Había una vez un simpático pastor llamado Pedro, cuyo trabajo era cuidar los borregos de los aldeanos.
Un día estaba tan aburrido que, para divertirse, empezó a gritar, con un tono muy convincente de terror en su voz , que ahí estaba el lobo, y que se estaba comiendo el ganado.
Asustados, los pobres aldeanos subieron corriendo al cerro para ayudar al niño, y para salvar a las ovejas. Pero cuando llegaron, no había ningún lobo, pero sí muchas carcajadas por parte de Pedro, que se creyó el muy chistosito.
Tú sabes lo difícil que es ir de subida. ¡Ahora imagínate corriendo! Con poca paciencia pero la suficiente como para no ahorcarlo, y de la que carecería yo si me encontrara en una situación como ésta, los aldeanos le dijeron a Pedro que, ahí de favor, no volviera a gritar así. Dicho esto, los aldeanos se regresaron, molestos, a la aldea.
Más tarde ese día, Pedro volvió a lo mismo. De nuevo gritó que el lobo había regresado. Y los aldeanos de nuevo volvieron a correr en su auxilio, sólo para darse cuenta de que, de nuevo, había sido una broma por parte de Pedro quien, a estas alturas, ya les parecía bastante antipático.

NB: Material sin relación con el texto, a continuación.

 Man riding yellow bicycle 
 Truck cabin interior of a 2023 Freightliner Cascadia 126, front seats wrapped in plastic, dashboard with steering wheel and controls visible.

Otra vez, cuando los aldeanos llegaron a la cima del cerro, se dieron cuenta de que, una vez más, habían sido víctimas de la misma ridícula broma de Pedro, quien los recibió con más carcajadas.
A los aldeanos les causó menos gracia que la vez anterior. Tal vez no sólo porque Pedro los había vuelto a engañar, y los había hecho correr, sino porque cayeron redonditos en la misma broma otra vez. Nuevamente le pidieron que no levantarla las alarmas cuando no había peligro. “Si no hay lobo, no grites.” Y ahora sí enojados, regresaron a la aldea a continuar lo que fuera que hubieran estado haciendo.
El resto de la historia ya la conocemos todos: llegó el momento en el que un lobo de verdad se acercó al rebaño, listo para comerse a una o dos ovejas, y llevarse otras tantas para el camino. Aunque nomás se alcanzó a llevar una.
Pedro volvió a gritar de manera convincente, igual que las veces anteriores. Nomás que ahora los aldeanos, pensando que intentaba engañarlos otra vez, hartos de las bromas del chiquillo, prefirieron ignorarlo y ya no fueron al cerro. Lo dejaron gritar hasta que se cansara.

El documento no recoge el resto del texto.